In recent years, the banking system has been going through an intensive process of
digitalisation that has affected, inter alia, the way in which citizens relate to financial
entities. Even though this process brings benefits to society in the medium and long run,
its short term effects depend, for example, on how familiar households are with the use of
bank cards and online banking to access the financial services they need .
This paper uses micro data from the Spanish Survey of Household Finances (EFF) for the
period 2002-2020 to analyse how patterns in bank card ownership and use, as well as
online banking usage, by Spanish households have changed over time. The richness of
the EFF data makes it possible to characterise these patterns for different groups of the
population according to their age, education level and income. In addition, the availability
of information over such a long period of time for several birth cohorts allows these
households’ decisions to be analysed over their entire life cycle.

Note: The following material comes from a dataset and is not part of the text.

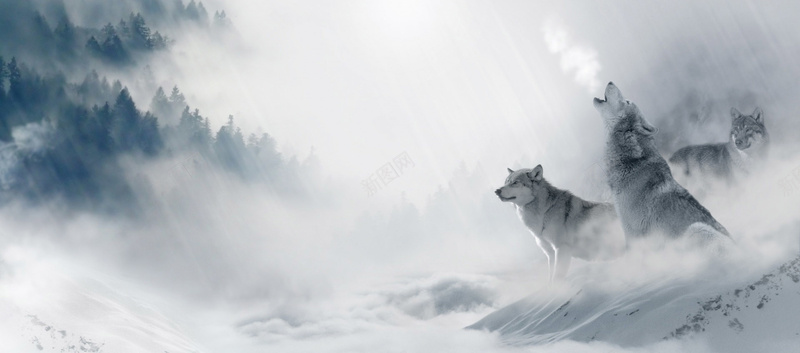 中国风山水群狼背景bannerjpg设计背景_新图网 https://ixintu.com 中国风 大气 山水 水墨 海报banner 群狼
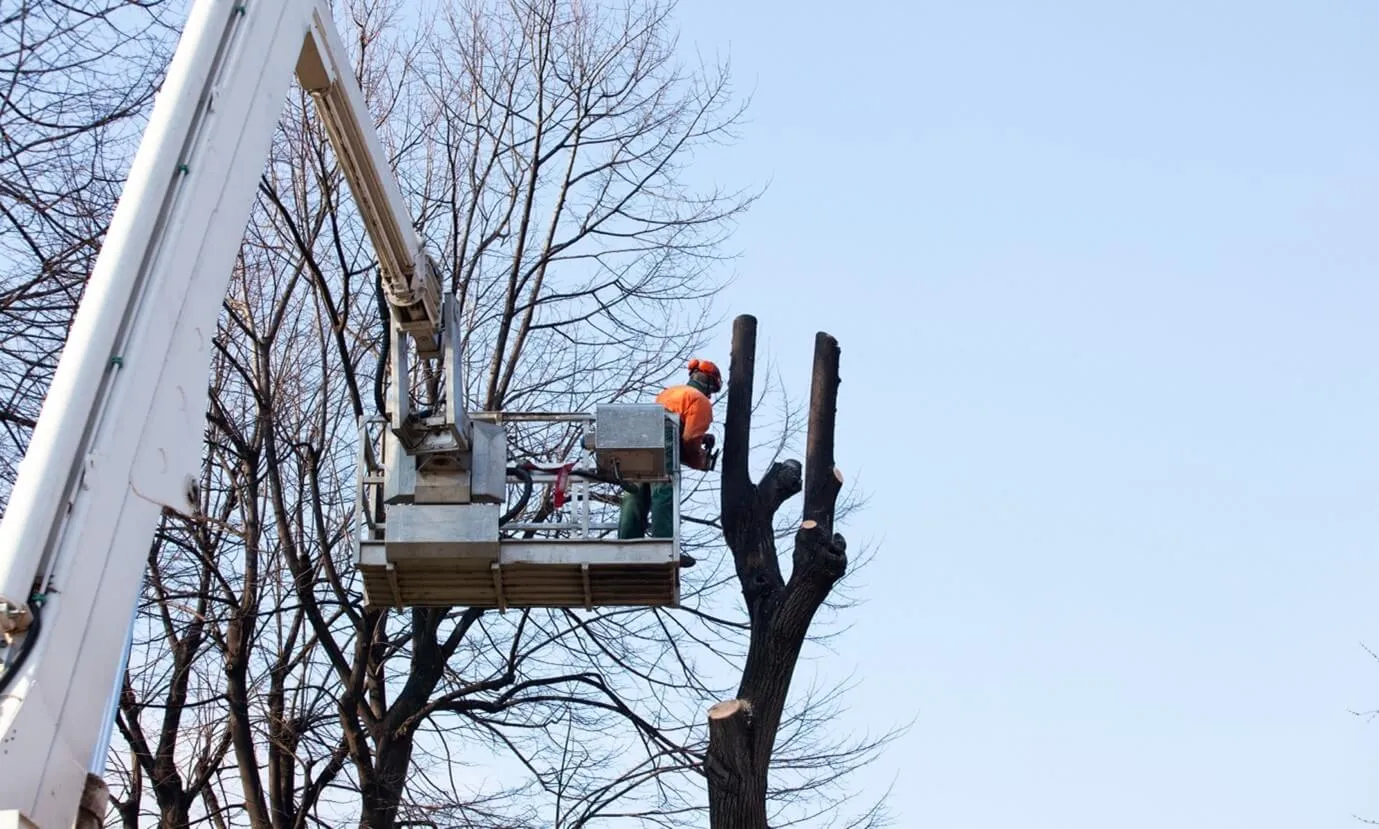 A worker in an orange vest and helmet stands in a cherry picker, trimming branches from a tall tree with most of its limbs already cut, against a clear blue sky.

The results of the analysis are as follows. First, bank card ownership and use by households
have spread throughout the period considered, growing especially among households
with lower education levels and incomes. However, even in 2020, several groups of the
population have been identified as still having relatively limited access to this specific
means of payment, especially those who are older and have lower education levels and
lower incomes. Indeed, for example, in 2020, around 20% of those households with a lower
education level did not have any bank cards or, if they did have one, did not use it (around
1,760,000 households).
Secondly, the use of online banking has increased generally for all households between
2002 and 2020, such that, even among those with an education level below secondary,
about half use this way of interacting with banks at least occasionally. However, the spread
of this instrument among households exhibits a high degree of heterogeneity according
to the year of birth of the household head. For example, slightly more than 80% of those
households whose head was born before 1944 did not use online banking in 2020 (around
2,130,000 households).
Finally, this paper examines to what extent the patterns observed in bank card ownership
and use, as well as in the use of online banking, according to household education level,
income and birth year still persist when comparing households with similar demographics
and geographical location. This additional analysis, which includes more household
characteristics, shows, in line with the previous results, that the differences in bank card
ownership and use by household income and education level have decreased between
2002 and 2020 (although bank card ownership is still more limited among households
in the lower income quartile and among those whose head has a lower education level).
Conversely, the differences among households in the use of online banking by income, age
and education level have increased during this period.